He came to serve
Whoever wants to become great among you must be your servant, and whoever wants to be first must be slave of all. For even the Son of Man did not come to be served, but to serve, and to give his life as a ransom for many.”
- from Mark 10:43-45
Jesus came to serve, not to be served. This is why we value and treasure service.
When we become servants – whether it’s in our homes or workplaces or neighborhoods or families or church – we draw close to Jesus. He wasn’t too dignified, too qualified, too reified to serve. He got his hands dirty. And he invites us to join him.

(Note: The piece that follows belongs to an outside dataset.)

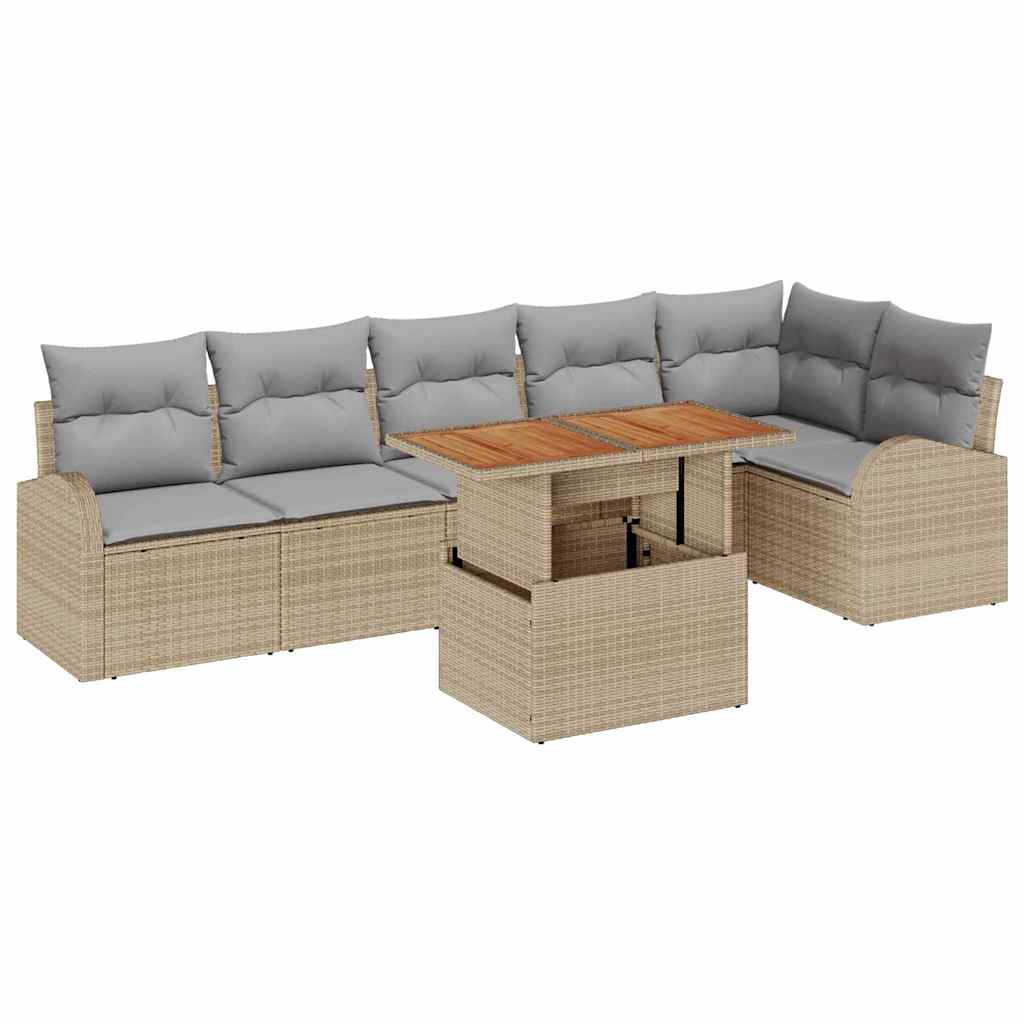 Havesofa Sæt 7 stk. beige og lysegrå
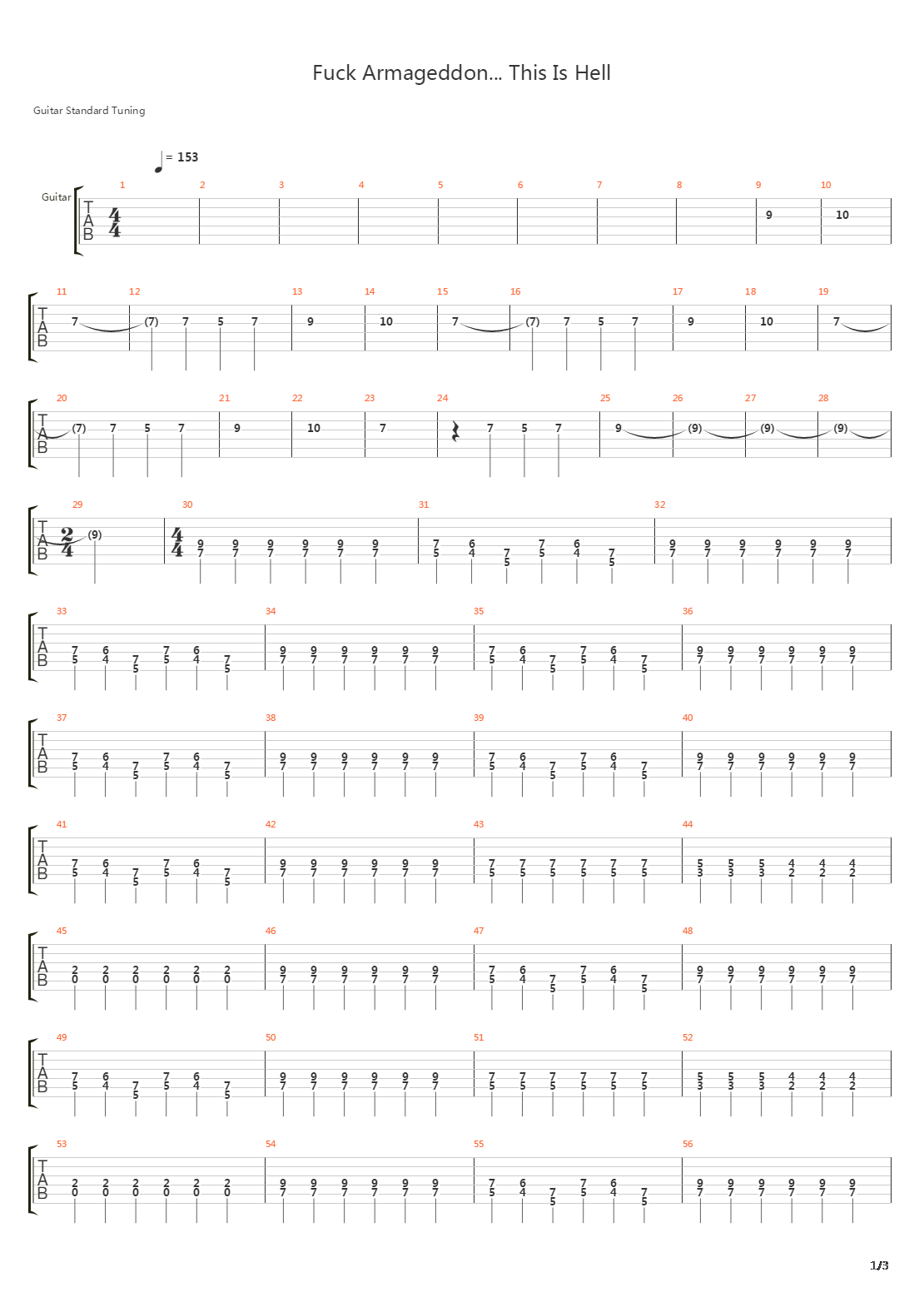 Fuck Armageddon This Is Hell吉他谱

Service was not an ancillary facet of Jesus’ work. As he approached humanity to bring salvation, he approached as a servant coming to other servants, a slave helping slaves, because that’s what we were. We each were enslaved to sin, death, and the powers of this world. We couldn’t escape on our own. We were chained to overwhelming patterns of brokenness that broke everything we touched. We needed liberation.
Jesus came to set us free. He came to break our bonds. And he did this by giving his life as our ransom. He paid the payment required to set us free from our slavery. When he gave his life, our chains could no longer hold us. They dissolved like snow. They faded like fog in the sunlight. They disappeared entirely.
Our participation in service gives us a deeper appreciation of the salvation that Jesus bought for us. That salvation works deeper into our souls as a result. And we’re transformed.
Thank Jesus today for his generous service to you. Try to think of all the ways he’s helped you in your life. Give him thanks and praise today.